Milton, Lost

He never became an anarchist, yet he is the reason I, for one, am here; for his Capitalism and Freedom was the first book I read that made such brilliant economic sense that I had to look further into the philosophy of freedom. At $12.95 from Laissez Faire it remains an excellent primer to offer those starting to express interest in ideas of liberty.

Like most of us, he did not start adult life promoting individual liberty; he was as much a victim of government schooling as anyone, and in the late '30s and '40s, he worked for the Feds with what he admits was a typically Keynesyan bias--even helping design the "income tax" withholding system that was supposed to be repealed when WWII ended. But unlike most of his contemporaries such as J.K. Galbraith, he did not let his enjoyment of manipulating the economy during the war years go to his head; he kept researching.

The result--as well as a Nobel Prize--was a bombshell, that so discredited Keynes' world view that while Establishment economists still follow it, they seldom admit the fact. Friedman's work on money (fiat money, that is) proved conclusively that inflation was caused by increase in its supply; something that, after he had proved it, seems perfectly obvious. Keep the supply of goods and services constant but pump in 50% more tokens of currency, and--duh--prices will shortly rise by 50%. Why did it take a Nobel Prize winner to point that out?

His proof hit public attention at just the right time--the late '70s--and propelled him to public prominence and influence. Carter appointed Volcker to head the Fed and he was succeeded by one-time Randian Alan Greenspan. Both understood Friedman's findings, so the inflation rate tumbled fast from nearly 20% a year to below 4%, where it remains. The relative prosperity of the last 30 years is therefore due in large part to Milton Friedman.

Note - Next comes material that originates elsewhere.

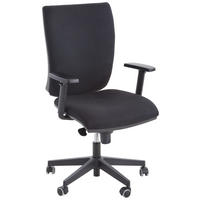 DREHSTUHL Flachgewebe Schwarz  - Schwarz, KONVENTIONELL, Kunststoff/Textil (64/110/64cm) - Venda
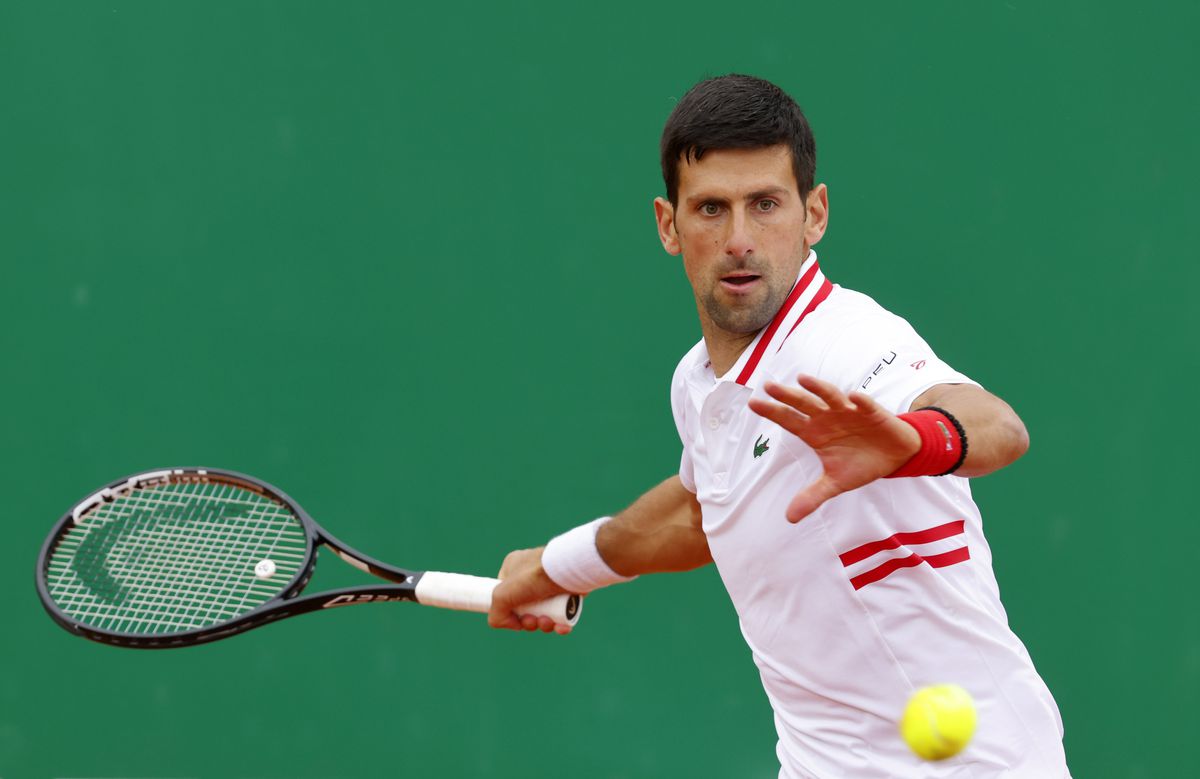 Serbian tennis star Novak Djokovic in action during his third round match against Britains Dan Evans. — Reuters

His influence was worldwide; the people of Chile can now retire on a privately funded pension, thanks to Friedman's success in showing the government there how to wind down its "Social Security" scheme. He was an advisor to the Thatcher governments in the UK, which led to her breaking the stranglehold of unions and State-owned "enterprises" and so caused the Labour Party to do in 1990 what the US Democrats may now be doing: reinventing themselves as "blue dogs" (there, "New Labour") to recognize some economic realities.

In 1980 he broadcast one of the most successful PBS programs ever--the 13-part miniseries "Free to Choose"--and it has had enormous influence, including helping get Reagan elected on the strength of Libertarian-sounding promises. It had a wide range, scorning the idea that government can do anything useful or beneficial; politicians have yet to take note of it, but he showed for example that government can never, ever, "create jobs"--because the money to pay the wage of the apparently new job must come from a transfer of funds previously used to pay wages elsewhere. Again, perfectly obvious once it's pointed out.

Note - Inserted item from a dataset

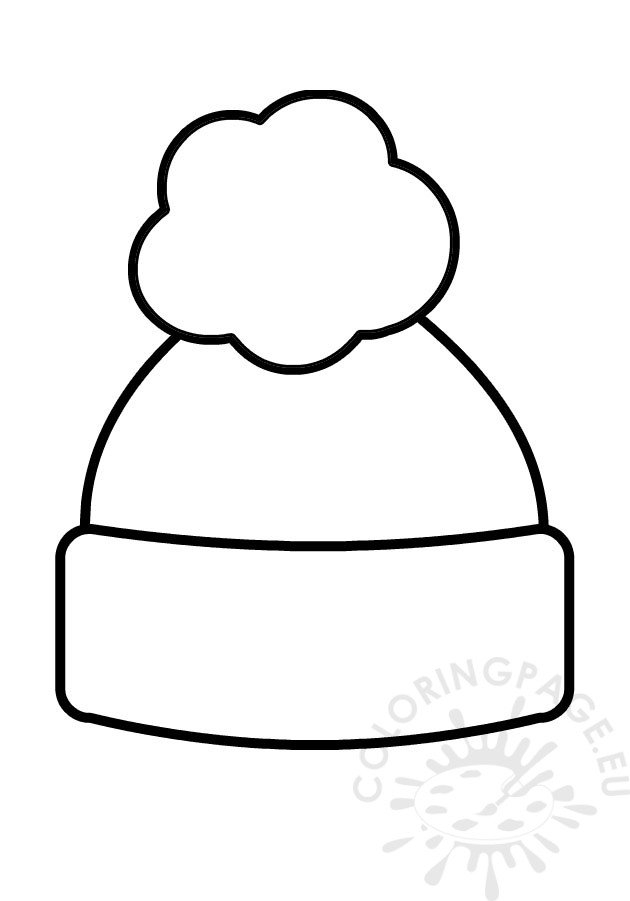 Simple Winter Hat Coloring Page Simple Winter Hat Coloring Page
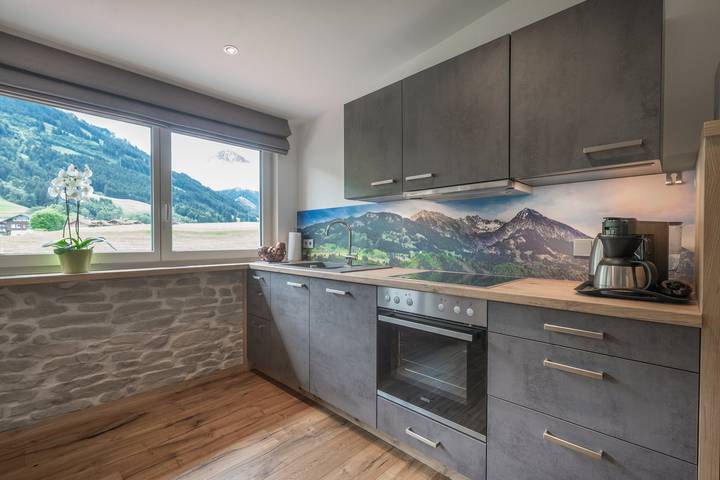 Ferienwohnung für 4 Personen, mit Garten und Ausblick sowie Balkon im Allgäu - 3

Milton 's mistake was not so much in his analyses of the problem, as in his prescription to solve it. I say "mistake," but it was a conscious choice, and can be defended on the grounds that anyone can look back and see positive results (such as the low inflation rate, above). But he did not see fit to challenge the root cause of our ills: government itself. He reckoned to fix things without calling for its abolition. Without doubt, had he done the latter, all the media would have shut him out, and "Free to Choose" would never have aired; but it would have been consistent. Instead of calling for an outright abolition of the government school monopoly, for example, he boosted the "voucher" idea--and with some success, for all over the country "Charter Schools" now operate in ways that put regular schools to shame. But government still funds them with taxes, so the solution is inadequate--and would still be so, even if voucher-based funding were universal. Friedman could have called for a full separation of school and state.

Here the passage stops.